The middle of nowhere is somewhere; that's why it has a "middle". As such, my feeling of being nowhere and going nowhere in my life is indicative of remembering a past, expecting a future, and desiring all the time to discern my identity and purge the illusory from the essential. Maybe my life's purpose is to evaluate the inequalities of importance of the two sides of all paradoxes; the unequal purities of the dichotomies I come to appreciate with age. There are opposites of simple truths which are not themselves false -- however, they depend on qualifications (sometimes complex) derived from the same foundations of the simpler truth.

Suspend your incredulity a moment to consider water.
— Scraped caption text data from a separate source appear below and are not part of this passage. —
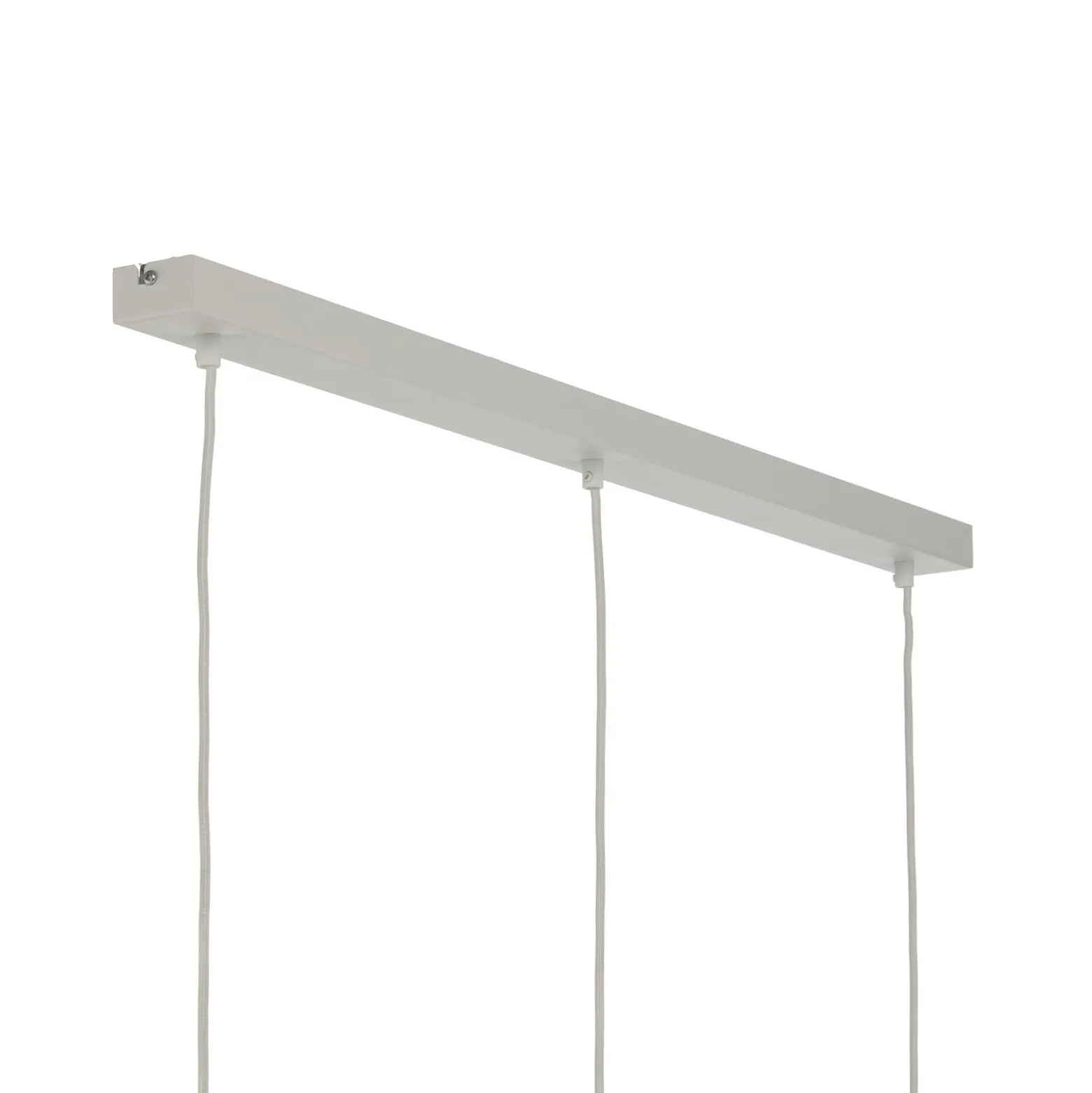 Funda-riippuvalaisin, valkoinen, pituus 110 cm, 3-lamppuinen, metalli/lasi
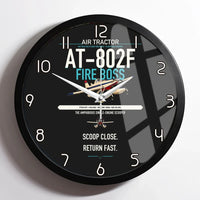 Thumbnail for Air Tractor AT-802F Fire Boss design on black framed wall clock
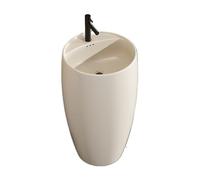 Freestanding Basin Bathroom Pedestal Basin, one-Piece Floor-Standing washbasin with Overflow, Bathroom Ceramic Sink with hot and Cold Water taps, Drain kit(Milk White)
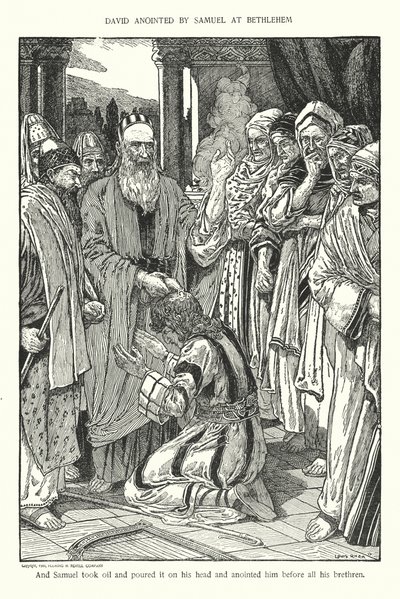 Dawid namaszczony przez Samuela w Betlejem (litografia) autorstwa Louis John Rhead
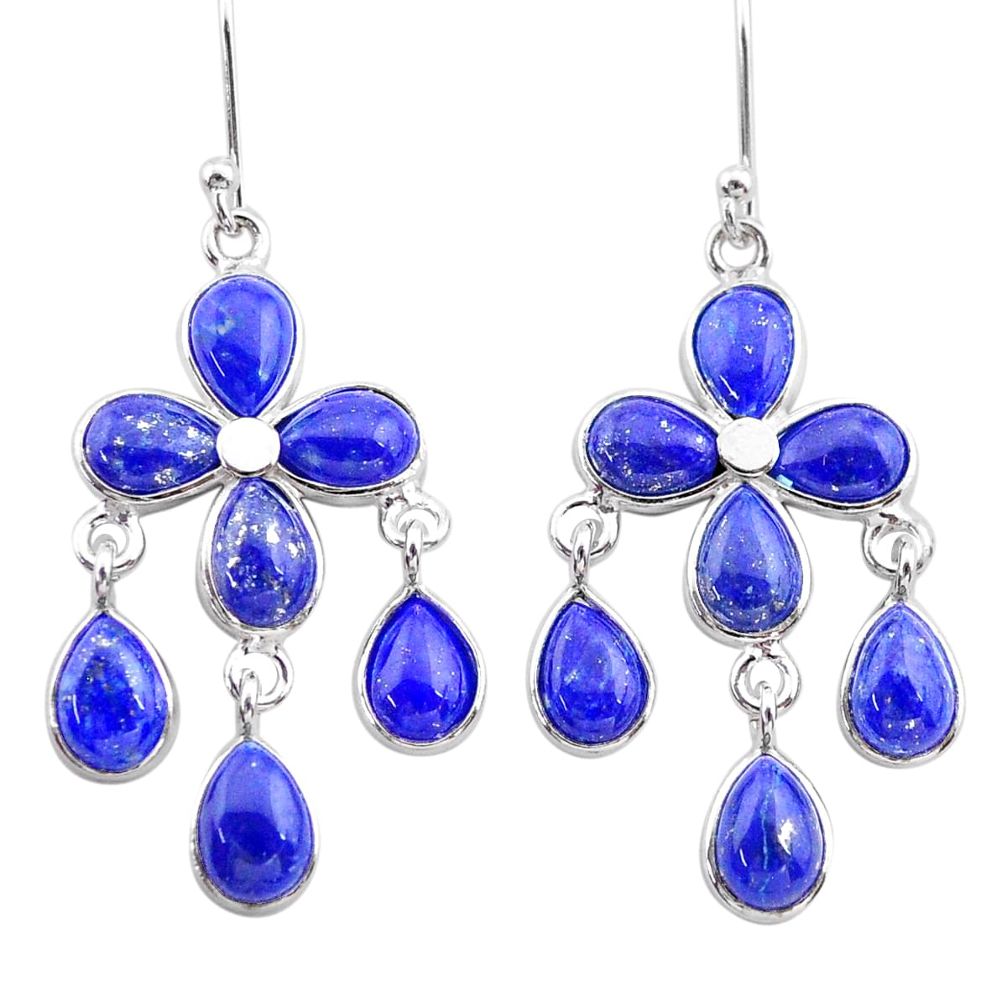 925 silver 14.25cts natural blue lapis lazuli chandelier earrings t34048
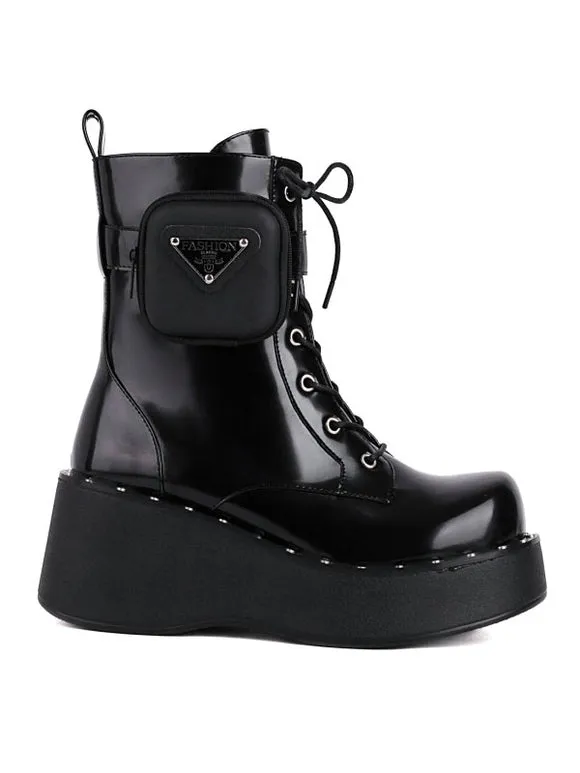 Lolita Boots PU Leather Round Toe Black Lolita Footwear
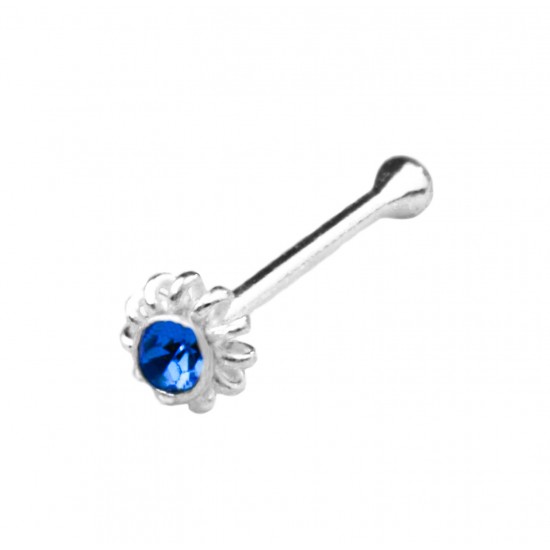 Silver Nose Bone Small Flower With Gem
Perhaps nothing in the universe could seem more deterministic than the activity of this wet thing we call inanimate; it submits itself to heat or lack of heat, the gravities of the earth and moon, the appetites of organic life, the chaos of its own cohesiveness, its own power to dissolve other substances; and who knows what else? Water submits to anything -- in theory you could even separate a single H2O molecule from all its brothers and throw it in a jail cell. But is the life of the aquatic really deterministic? Indeed; is it life? Is it animate? To put it poetically, is Neptune willful?

Compare Neptune to ourselves, our corporeal, mortal forms. Not once in eternity has Neptune ever bucked the natural order, or deviated from it; never put up the slightest resistance to the laws of the universe (the same laws granting water its remarkable qualities). Now look at yourself: an aerobic animal who would putrify if you jumped off a bridge to "prove" you had a "will". Neptune's amorphousness is infinite; mine is strictly limited to a wardrobe, hair-clipper, and cremation. The old try to bluff nature with hair-dye and the like -- in vain.

So getting back to the subject of unequal dichotomies... "inanimate" water obeys all -- but is free. The "highest" man obeys nothing but his own intentions supposedly -- but is helplessly imprisoned by the lusts, methods and habits of his involuntary bloodsucking. But man deliberates and calculates, and we call this "freedom". We know this is bullshit. We know we must obey something to liberate ourselves as agents surpassing in intentionality no intentionality at all.

What better place to start than the instinct of honesty?